The following table shows EBITDA and Adjusted EBITDA for the three-month periods ended September 30, 2003 and September 30, 2004, including a reconciliation from net income:
| Three Months Ended September 30, | ||||||
---|---|---|---|---|---|---|---|
| 2003 | 2004 | |||||
| (Dollars in millions) | ||||||
Net income | $ | 8.9 | $ | 4.5 | |||
Provision for income taxes | 6.6 | 3.3 | |||||
Depreciation and amortization | 8.7 | 8.0 | |||||
EBITDA (1) | 24.2 | 15.8 | |||||
Pulp supply agreement (2) | (6.5 | ) | (6.9 | ) | |||
Start-up costs (3) | — | 1.2 | |||||
Adjusted EBITDA (1)(4) | $ | 17.7 | $ | 10.1 | |||
- (1)
- We calculate EBITDA as earnings before net interest expense (which was immaterial) plus provision for income taxes and depreciation and amortization.
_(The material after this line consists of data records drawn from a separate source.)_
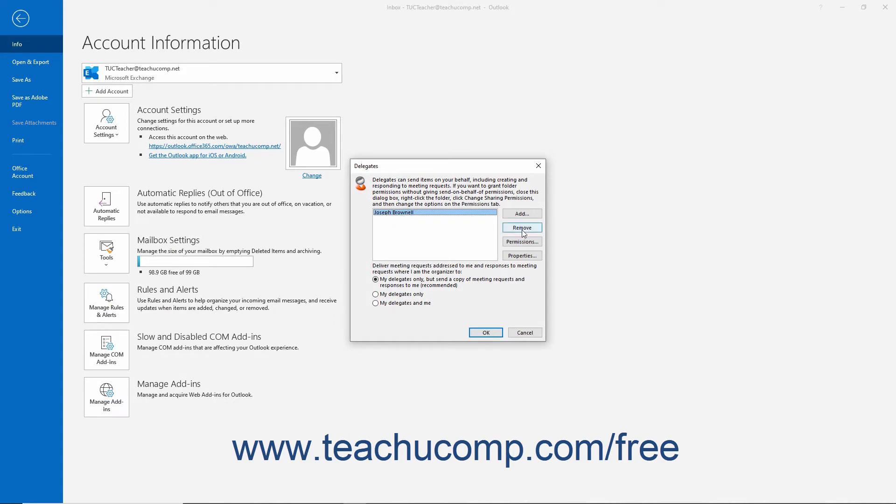Then click the Remove button to the right of the list. Then click the OK button.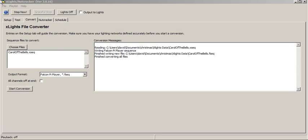We selected to use Nutcracker, or xlite slash Nutcracker, to do a conversion.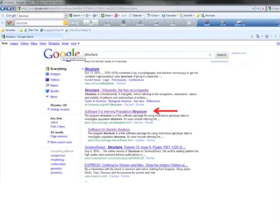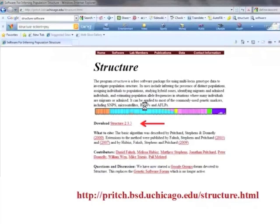From Google, to download the Structure program, type 'structure' in the search bar. Then you will find the key to look for the software for population structure analysis. This is the website for downloading the program. At the Structure website, go to the download section for the Structure program, which is highlighted.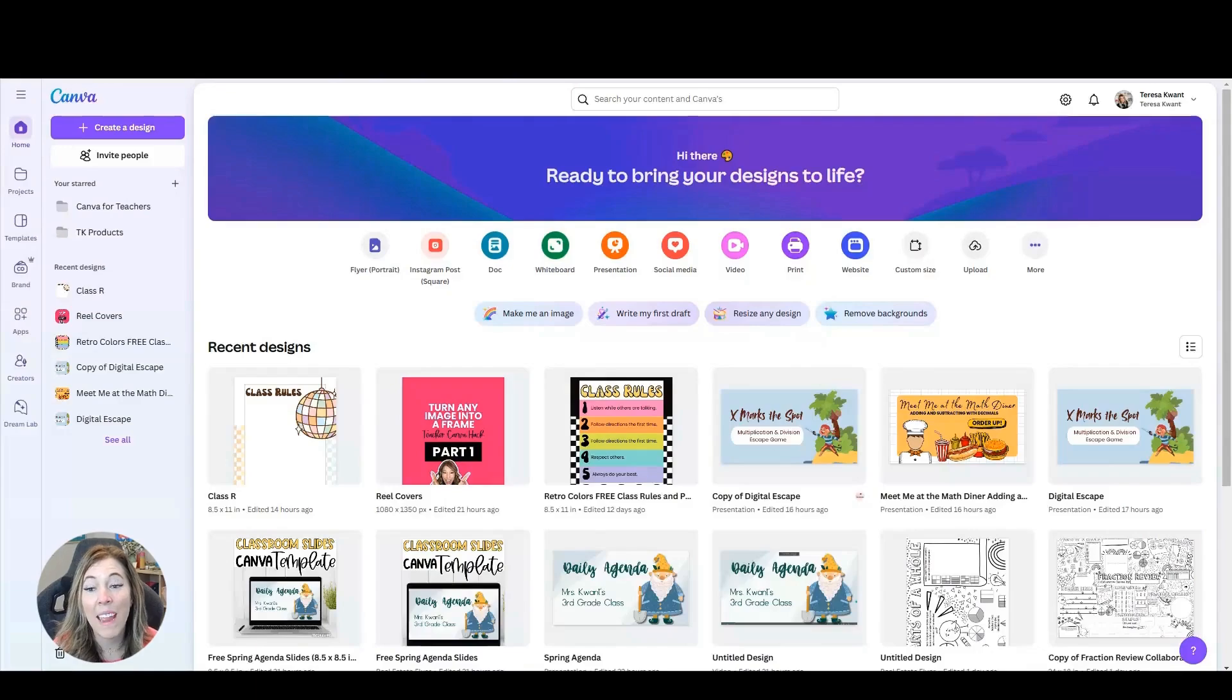Canva just isn't for teachers. Students can use it too. There are some wonderful interactive ways to use Canva with students. Today I'm going to show you three ways that you can make Canva interactive in your classroom.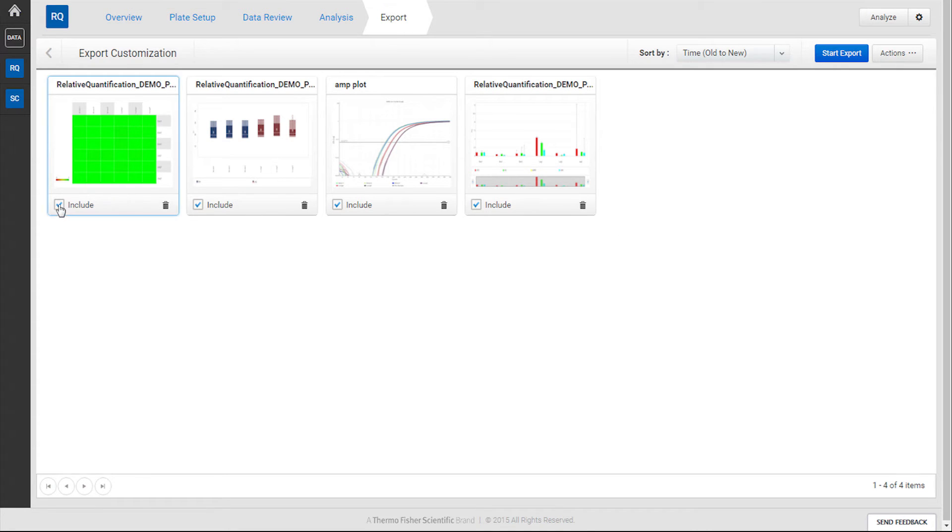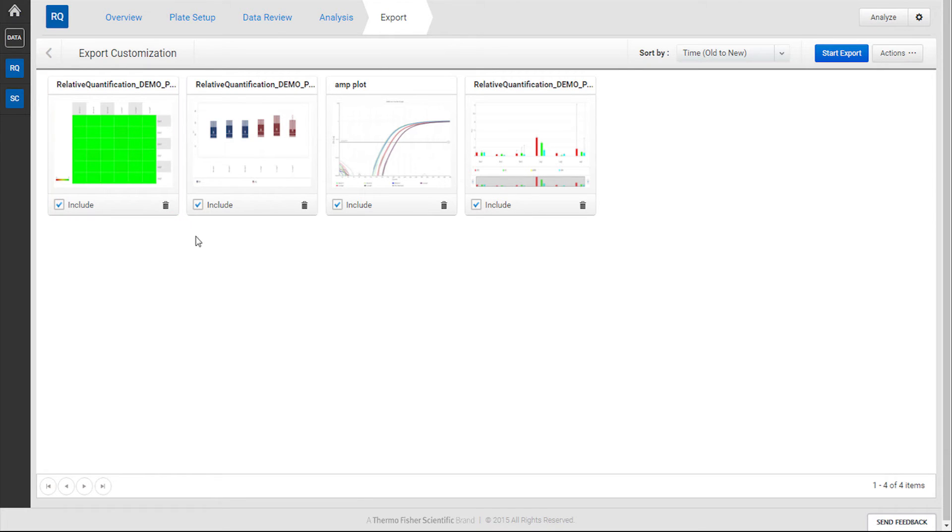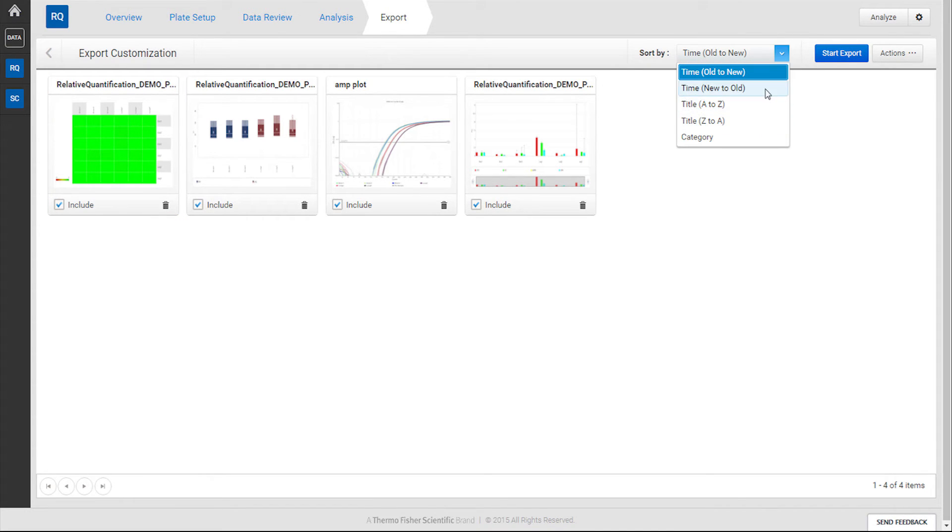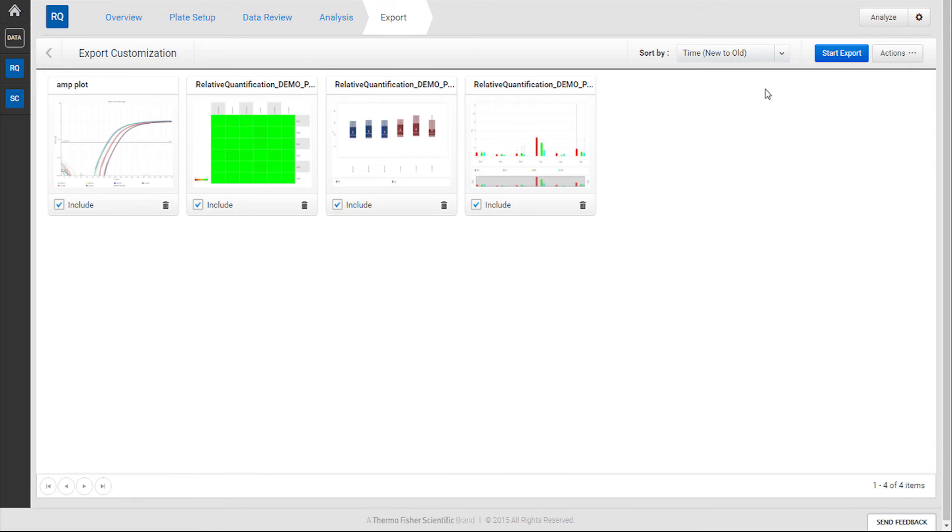On this screen, you can choose to include, exclude, or delete any images you may have tagged for export. You can also sort by various parameters such as date of tagging, alphabetical order, or category based.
Adjusted EBITDA further adjusts EBITDA by adding back certain non-recurring items described below and the estimated impact of the new pulp supply agreement as if it had been in place for the periods presented. You should not consider EBITDA, Adjusted EBITDA or ratios derived therefrom to be an alternative measure of our net income, an indicator of operating performance or cash flows or as an indicator of liquidity. Although we believe Adjusted EBITDA and ratios derived therefrom enhance your understanding of our financial condition, none of these measures, when viewed individually, is a better indicator of any trend as compared to other measures (e.g., net sales, net income, net cash flows, etc.) conventionally computed in accordance with GAAP. We caution you that amounts presented may not be comparable to similar measures disclosed by other companies.
- (2)
- In connection with the Spin-Off, we will enter into a pulp supply agreement with Kimberly-Clark pursuant to which we will agree to supply and Kimberly-Clark will agree to purchase northern bleached softwood kraft pulp and northern bleached hardwood kraft pulp. The prices at which we will sell pulp to Kimberly-Clark under the new pulp supply agreement will be based on published industry index prices (subject to minimum and maximum prices for northern bleached softwood kraft pulp shipped to North America prior to December 31, 2007) less agreed discounts. These discounts will be substantially higher than the discounts that were provided to Kimberly-Clark prior to the Spin-Off.
- (3)
- Represents certain incremental start-up costs related to our becoming an independent public company.
- (4)
- The annual maintenance shutdowns for our two pulp mills occurred during the third quarter in 2004 instead of one each during the second and third quarters in 2003.